Isn't that what we all have in mind anyway :-).
The open question then is will the service provider market accept
in-band
management i.e. management IP frames mixed with user traffic, or is
there a
real requirement for a side-band channel. If EFM does need to include a
side
band channel then all that it needs to be is a communications channel
(bit
stream), probably squeezed in the preamble or the IPG (we can debate
that
choice for a while). Vendors can then implement either a standards based
method of comms over that channel or do there own thing.

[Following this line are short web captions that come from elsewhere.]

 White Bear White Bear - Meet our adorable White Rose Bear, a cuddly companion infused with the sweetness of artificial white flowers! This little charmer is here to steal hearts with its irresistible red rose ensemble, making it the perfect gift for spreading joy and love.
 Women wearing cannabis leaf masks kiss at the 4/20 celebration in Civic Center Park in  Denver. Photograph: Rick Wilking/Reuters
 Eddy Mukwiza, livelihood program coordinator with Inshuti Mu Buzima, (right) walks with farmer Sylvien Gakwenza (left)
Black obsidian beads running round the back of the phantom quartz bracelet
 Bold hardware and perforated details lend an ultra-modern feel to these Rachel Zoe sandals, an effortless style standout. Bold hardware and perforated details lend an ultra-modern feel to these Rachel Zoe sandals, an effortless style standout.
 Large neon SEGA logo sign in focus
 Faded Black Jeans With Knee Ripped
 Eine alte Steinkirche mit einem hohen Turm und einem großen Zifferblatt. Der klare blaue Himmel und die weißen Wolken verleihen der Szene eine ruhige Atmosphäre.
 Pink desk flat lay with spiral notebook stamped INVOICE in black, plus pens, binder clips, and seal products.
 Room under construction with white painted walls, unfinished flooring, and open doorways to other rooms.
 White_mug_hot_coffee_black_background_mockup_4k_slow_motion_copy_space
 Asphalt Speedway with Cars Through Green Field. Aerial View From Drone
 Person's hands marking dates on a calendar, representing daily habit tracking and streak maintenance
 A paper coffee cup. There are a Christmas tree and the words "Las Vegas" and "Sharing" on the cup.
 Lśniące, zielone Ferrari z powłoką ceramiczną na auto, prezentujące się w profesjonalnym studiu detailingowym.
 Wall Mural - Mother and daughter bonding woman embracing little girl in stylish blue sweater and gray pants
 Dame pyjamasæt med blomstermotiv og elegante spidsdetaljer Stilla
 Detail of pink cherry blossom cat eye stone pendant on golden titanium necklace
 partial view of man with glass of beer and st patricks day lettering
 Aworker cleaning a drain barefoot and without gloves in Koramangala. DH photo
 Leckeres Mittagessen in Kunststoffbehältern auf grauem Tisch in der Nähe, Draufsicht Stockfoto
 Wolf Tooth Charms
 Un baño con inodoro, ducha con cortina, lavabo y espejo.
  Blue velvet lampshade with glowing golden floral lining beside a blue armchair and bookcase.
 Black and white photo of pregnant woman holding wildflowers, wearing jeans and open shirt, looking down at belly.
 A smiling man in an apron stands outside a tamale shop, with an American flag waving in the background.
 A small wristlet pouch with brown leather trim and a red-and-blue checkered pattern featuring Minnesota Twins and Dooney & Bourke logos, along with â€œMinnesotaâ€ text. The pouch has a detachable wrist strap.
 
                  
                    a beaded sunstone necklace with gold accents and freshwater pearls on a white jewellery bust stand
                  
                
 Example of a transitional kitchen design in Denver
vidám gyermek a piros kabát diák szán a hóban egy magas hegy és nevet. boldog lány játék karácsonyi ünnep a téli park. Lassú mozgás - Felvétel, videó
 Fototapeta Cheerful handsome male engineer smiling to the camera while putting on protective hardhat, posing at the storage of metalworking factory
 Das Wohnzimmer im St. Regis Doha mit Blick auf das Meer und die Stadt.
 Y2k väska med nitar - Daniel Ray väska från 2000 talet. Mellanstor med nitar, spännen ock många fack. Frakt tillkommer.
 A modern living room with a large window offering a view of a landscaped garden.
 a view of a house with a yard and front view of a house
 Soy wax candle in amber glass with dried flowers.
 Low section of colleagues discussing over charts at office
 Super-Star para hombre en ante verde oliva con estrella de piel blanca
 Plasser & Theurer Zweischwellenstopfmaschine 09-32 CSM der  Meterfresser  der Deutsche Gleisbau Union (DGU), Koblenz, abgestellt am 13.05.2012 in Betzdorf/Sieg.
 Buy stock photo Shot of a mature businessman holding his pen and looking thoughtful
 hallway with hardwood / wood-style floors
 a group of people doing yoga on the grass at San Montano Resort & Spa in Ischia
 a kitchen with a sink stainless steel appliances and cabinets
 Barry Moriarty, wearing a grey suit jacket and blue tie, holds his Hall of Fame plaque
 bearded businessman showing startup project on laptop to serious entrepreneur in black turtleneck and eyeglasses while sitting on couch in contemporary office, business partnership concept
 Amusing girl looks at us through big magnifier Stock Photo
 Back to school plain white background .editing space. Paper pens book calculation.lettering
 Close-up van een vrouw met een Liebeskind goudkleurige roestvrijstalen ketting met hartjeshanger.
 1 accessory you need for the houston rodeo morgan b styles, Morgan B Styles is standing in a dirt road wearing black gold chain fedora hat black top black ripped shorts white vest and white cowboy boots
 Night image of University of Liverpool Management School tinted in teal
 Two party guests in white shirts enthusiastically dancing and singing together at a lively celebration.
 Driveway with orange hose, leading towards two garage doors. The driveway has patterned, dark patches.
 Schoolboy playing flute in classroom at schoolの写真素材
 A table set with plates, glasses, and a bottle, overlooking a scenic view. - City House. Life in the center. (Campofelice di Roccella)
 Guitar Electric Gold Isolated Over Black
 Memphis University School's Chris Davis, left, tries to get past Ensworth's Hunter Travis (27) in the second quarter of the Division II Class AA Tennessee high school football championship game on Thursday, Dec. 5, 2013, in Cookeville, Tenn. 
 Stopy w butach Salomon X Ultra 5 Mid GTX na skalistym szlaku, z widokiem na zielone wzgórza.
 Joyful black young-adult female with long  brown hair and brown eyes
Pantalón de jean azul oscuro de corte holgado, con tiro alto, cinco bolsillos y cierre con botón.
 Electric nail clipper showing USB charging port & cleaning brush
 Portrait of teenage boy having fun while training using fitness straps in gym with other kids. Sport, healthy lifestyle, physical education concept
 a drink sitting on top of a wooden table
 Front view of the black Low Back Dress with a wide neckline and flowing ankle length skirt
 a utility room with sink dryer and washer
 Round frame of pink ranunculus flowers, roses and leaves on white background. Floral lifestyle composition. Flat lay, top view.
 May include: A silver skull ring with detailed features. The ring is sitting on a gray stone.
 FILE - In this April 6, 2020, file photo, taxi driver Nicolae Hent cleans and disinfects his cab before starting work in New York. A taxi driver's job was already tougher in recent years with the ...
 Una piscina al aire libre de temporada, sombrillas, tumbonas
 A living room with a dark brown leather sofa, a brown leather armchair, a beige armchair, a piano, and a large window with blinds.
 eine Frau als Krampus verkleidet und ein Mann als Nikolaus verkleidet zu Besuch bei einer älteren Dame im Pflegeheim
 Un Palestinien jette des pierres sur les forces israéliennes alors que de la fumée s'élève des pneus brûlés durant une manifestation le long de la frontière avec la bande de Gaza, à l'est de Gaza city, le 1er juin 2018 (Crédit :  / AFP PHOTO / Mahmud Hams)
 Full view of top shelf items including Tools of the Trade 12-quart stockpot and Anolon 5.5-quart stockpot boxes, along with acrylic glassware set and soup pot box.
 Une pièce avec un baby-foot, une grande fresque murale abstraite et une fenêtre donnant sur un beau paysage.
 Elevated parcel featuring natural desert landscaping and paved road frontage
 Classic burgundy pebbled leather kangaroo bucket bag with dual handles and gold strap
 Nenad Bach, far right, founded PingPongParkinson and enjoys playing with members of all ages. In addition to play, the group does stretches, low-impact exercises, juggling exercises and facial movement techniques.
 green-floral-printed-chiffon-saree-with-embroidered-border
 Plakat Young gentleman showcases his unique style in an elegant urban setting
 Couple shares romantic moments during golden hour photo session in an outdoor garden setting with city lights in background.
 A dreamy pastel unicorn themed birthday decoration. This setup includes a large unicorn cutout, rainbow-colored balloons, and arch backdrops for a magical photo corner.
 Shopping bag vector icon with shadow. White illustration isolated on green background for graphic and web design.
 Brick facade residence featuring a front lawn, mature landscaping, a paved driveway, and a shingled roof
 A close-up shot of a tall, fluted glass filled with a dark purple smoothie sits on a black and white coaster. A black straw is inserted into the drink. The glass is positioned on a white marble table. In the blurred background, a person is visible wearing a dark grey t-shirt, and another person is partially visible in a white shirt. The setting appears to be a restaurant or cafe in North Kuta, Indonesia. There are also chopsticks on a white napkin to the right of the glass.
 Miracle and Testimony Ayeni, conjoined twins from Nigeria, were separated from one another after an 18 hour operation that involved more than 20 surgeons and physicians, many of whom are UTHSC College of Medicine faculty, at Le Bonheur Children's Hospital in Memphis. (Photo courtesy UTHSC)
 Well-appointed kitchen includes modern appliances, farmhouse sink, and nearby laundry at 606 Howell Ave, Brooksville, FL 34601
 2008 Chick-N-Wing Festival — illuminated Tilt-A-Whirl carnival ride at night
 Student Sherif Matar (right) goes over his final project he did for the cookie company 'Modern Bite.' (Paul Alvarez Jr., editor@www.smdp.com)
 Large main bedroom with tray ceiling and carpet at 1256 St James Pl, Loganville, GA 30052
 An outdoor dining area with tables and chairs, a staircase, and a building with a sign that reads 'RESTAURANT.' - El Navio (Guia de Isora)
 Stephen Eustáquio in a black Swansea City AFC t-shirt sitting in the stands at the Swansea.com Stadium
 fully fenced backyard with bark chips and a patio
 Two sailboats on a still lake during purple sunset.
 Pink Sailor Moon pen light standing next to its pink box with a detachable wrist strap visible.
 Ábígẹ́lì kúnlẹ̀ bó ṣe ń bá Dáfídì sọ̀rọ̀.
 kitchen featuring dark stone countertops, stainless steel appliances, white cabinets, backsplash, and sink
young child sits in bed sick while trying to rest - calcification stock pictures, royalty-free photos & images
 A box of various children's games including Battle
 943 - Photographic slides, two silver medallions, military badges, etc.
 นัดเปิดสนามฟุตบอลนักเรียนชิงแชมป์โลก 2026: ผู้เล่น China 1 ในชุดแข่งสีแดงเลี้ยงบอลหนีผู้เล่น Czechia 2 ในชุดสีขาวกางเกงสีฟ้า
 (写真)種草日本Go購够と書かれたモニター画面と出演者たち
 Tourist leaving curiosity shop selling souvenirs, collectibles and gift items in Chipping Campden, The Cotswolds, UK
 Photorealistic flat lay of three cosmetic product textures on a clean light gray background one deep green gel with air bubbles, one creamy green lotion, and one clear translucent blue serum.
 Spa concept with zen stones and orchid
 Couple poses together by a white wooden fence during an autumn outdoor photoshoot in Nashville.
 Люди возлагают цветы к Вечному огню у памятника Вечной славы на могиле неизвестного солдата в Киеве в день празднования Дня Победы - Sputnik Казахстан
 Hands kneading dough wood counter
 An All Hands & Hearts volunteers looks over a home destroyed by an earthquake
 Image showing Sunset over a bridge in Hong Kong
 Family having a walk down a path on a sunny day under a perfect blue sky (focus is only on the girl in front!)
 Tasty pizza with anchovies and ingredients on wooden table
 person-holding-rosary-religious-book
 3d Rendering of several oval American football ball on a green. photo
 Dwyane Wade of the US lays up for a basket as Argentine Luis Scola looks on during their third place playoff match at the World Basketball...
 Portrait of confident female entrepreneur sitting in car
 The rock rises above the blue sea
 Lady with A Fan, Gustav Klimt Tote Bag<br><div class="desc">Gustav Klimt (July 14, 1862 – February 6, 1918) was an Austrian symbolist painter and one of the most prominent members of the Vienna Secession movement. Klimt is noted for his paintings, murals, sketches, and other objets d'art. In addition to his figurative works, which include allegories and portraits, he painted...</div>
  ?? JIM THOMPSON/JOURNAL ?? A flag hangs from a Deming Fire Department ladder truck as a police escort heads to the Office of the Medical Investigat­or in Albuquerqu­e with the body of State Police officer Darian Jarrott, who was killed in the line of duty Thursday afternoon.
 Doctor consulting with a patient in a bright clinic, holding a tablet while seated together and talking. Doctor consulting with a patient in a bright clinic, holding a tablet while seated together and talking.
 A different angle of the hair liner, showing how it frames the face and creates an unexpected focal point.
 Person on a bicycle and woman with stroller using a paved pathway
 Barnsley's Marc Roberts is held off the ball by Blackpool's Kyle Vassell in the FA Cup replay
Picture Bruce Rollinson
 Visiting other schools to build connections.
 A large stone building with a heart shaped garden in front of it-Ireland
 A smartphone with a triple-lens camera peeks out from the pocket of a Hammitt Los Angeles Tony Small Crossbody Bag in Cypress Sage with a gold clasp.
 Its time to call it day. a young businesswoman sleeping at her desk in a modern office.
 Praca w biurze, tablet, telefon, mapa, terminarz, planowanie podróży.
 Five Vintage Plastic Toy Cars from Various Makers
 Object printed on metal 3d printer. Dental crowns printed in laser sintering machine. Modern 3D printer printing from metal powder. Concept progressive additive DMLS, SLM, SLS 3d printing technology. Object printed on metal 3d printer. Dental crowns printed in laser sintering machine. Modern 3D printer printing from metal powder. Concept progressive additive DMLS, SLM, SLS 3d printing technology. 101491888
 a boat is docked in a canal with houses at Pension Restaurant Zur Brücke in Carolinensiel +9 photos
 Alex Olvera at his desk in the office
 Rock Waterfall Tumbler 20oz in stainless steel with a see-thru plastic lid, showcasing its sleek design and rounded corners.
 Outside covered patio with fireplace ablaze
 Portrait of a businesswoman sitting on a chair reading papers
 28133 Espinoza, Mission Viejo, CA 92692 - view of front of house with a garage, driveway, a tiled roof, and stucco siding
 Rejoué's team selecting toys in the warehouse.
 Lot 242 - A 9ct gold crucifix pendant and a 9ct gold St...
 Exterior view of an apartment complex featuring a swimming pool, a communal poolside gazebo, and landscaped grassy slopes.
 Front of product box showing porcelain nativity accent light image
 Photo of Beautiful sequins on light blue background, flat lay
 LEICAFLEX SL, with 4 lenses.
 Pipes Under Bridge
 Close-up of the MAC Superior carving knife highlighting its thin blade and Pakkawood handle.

Personally I
would
expect vendors to choose something like IP over PPP for this.
I can wrap this all up in a presentation for the next meeting if
required.
(Just seen Geoff's comment on this in response to Roy's thread; as a
vendor
we will probably want to support both in-band and side-band,
standardised or
not, but we would prefer a standard for side band as part of EFM).
Bob Barrett
> -----Original Message-----
> From: owner-stds-802-3-efm@majordomo.ieee.org
> [mailto:owner-stds-802-3-efm@majordomo.ieee.org]On Behalf Of Geoff
> Thompson
> Sent: 04 September 2001 23:03
> To: fkittred@xxxxxxx
> Cc: stds-802-3-efm@ieee.org
> Subject: Re: [EFM] OAM loop back / echo server function
>
>
>
> Fletcher-
>
> I don't think this is a stupid question.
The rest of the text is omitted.